▶ _EXERCISE REQUIREMENTS_: Please give back, exactly as written, the lines from the line with "Melc ulei (pinion)" to the line with "Osciloscopio Digital- HANMATEK" in the listing below, leaving out all pictures.

▶ _DATA IN THIS EXERCISE_:
------------------------

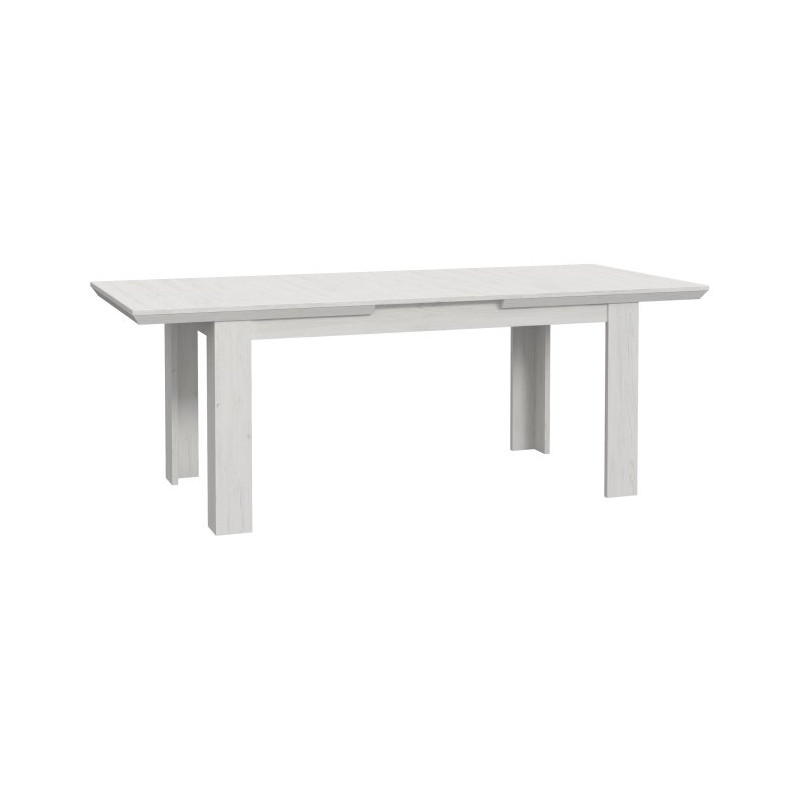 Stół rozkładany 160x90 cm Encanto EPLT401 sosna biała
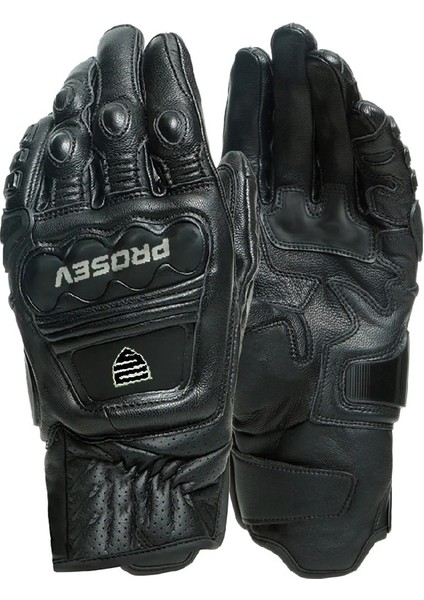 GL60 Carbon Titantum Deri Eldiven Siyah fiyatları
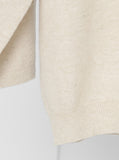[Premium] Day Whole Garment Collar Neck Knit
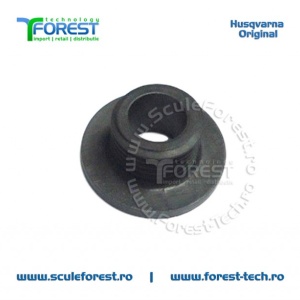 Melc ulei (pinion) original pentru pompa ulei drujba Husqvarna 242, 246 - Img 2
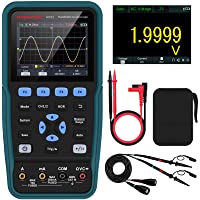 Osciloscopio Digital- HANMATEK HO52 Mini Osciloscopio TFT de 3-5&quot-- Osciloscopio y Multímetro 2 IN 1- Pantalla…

------------------------

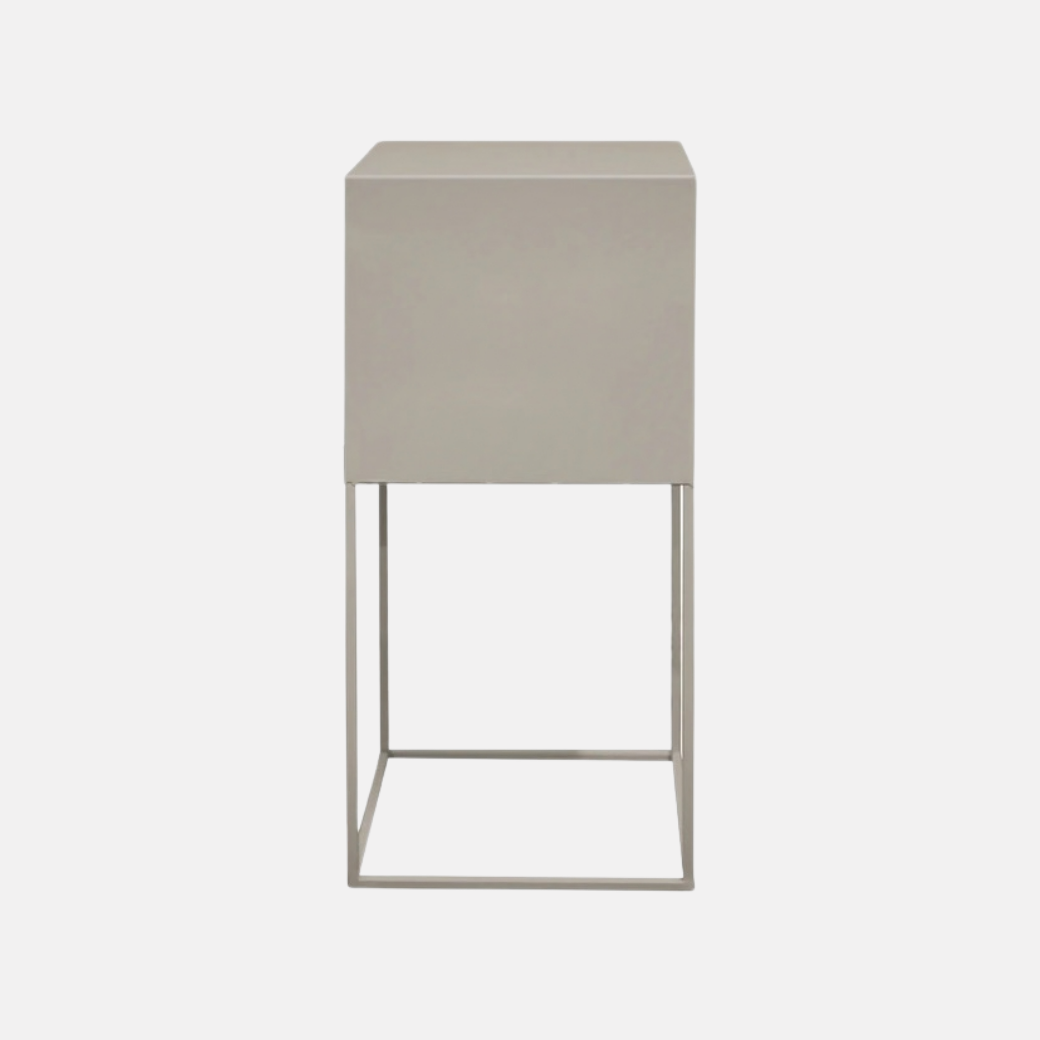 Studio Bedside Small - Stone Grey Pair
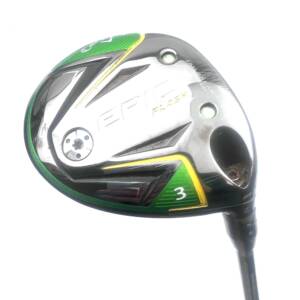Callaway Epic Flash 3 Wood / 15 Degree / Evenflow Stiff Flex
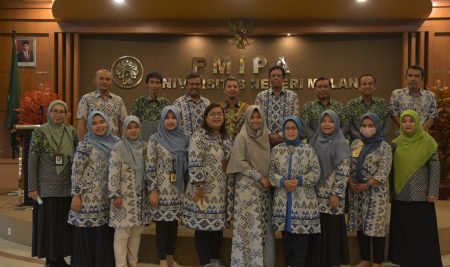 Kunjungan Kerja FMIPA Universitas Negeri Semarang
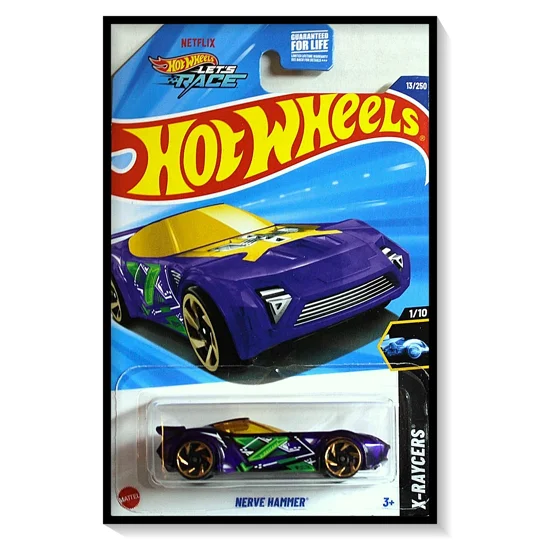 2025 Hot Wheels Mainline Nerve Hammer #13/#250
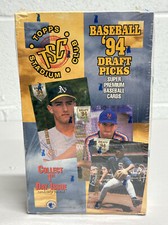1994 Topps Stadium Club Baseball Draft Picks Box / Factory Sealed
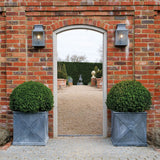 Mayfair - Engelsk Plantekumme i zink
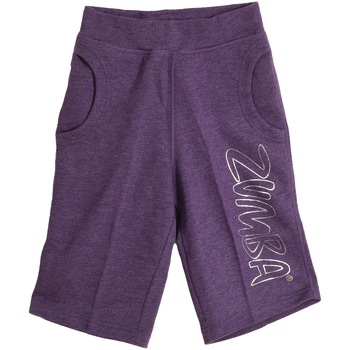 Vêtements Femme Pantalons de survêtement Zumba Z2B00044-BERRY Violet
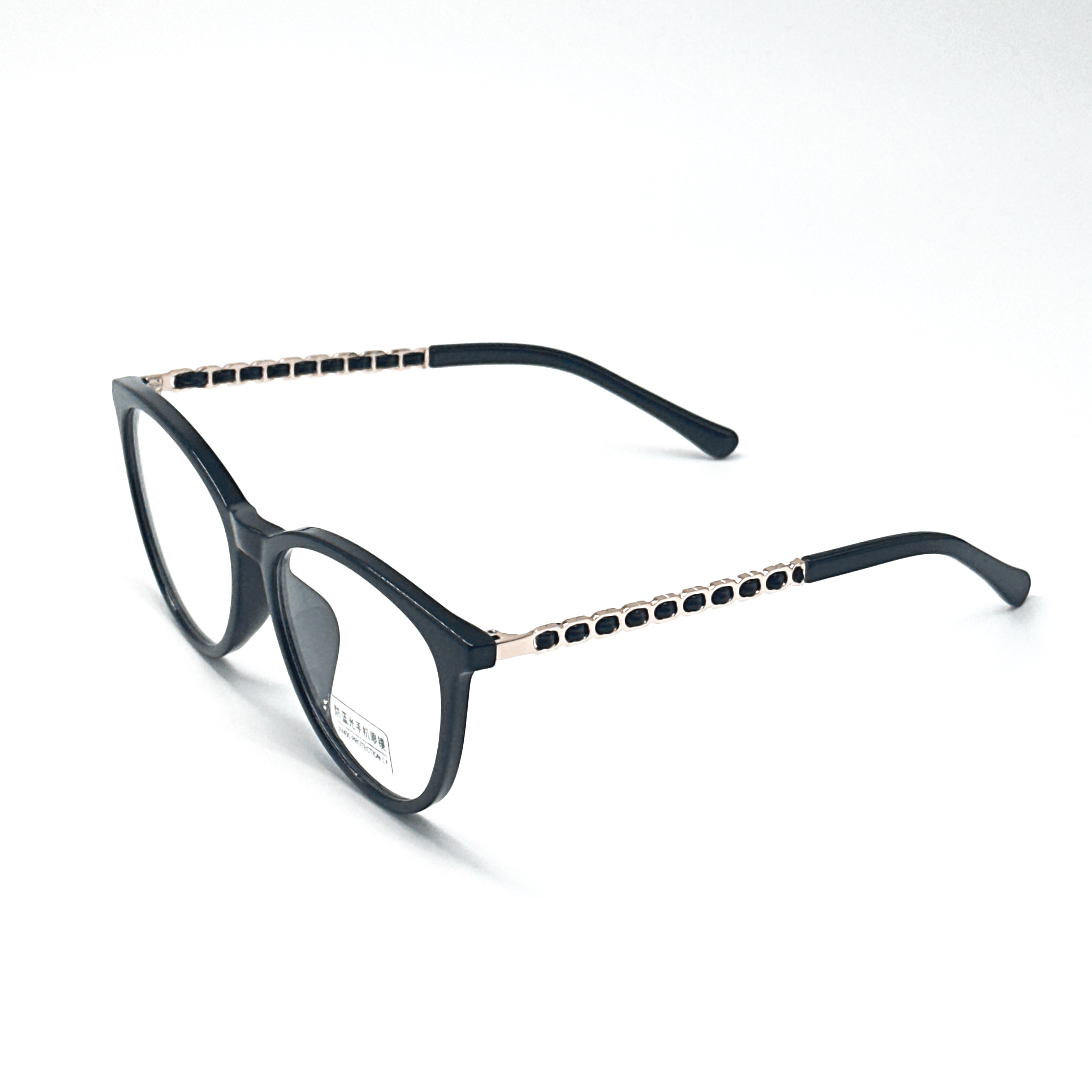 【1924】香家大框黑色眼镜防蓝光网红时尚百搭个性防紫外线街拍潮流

------------------------

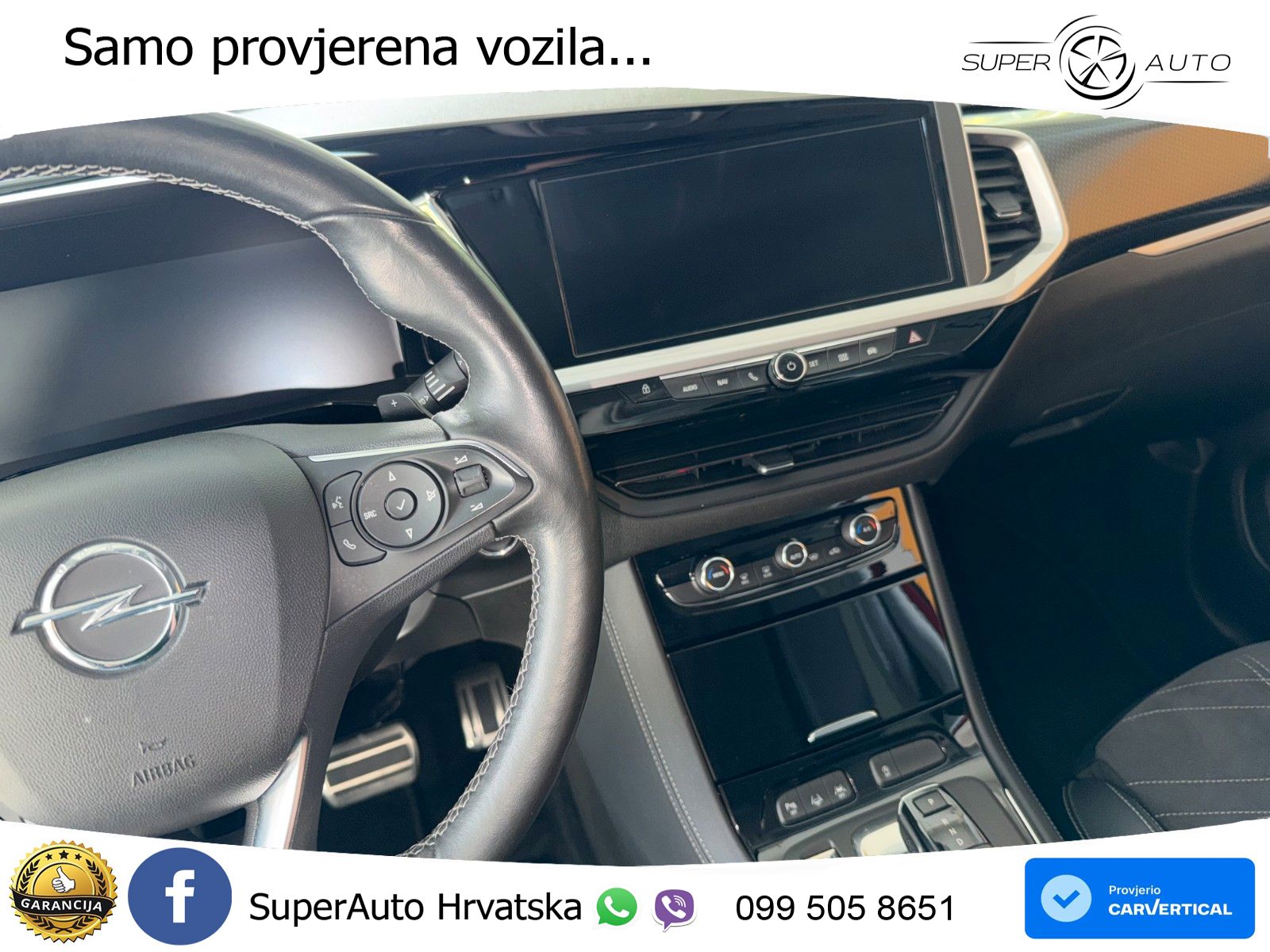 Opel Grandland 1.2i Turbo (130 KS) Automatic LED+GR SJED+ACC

------------------------

▶ _SOLUTION_:
 Melc ulei (pinion) original pentru pompa ulei drujba Husqvarna 242, 246 - Img 2
 Osciloscopio Digital- HANMATEK HO52 Mini Osciloscopio TFT de 3-5&quot-- Osciloscopio y Multímetro 2 IN 1- Pantalla…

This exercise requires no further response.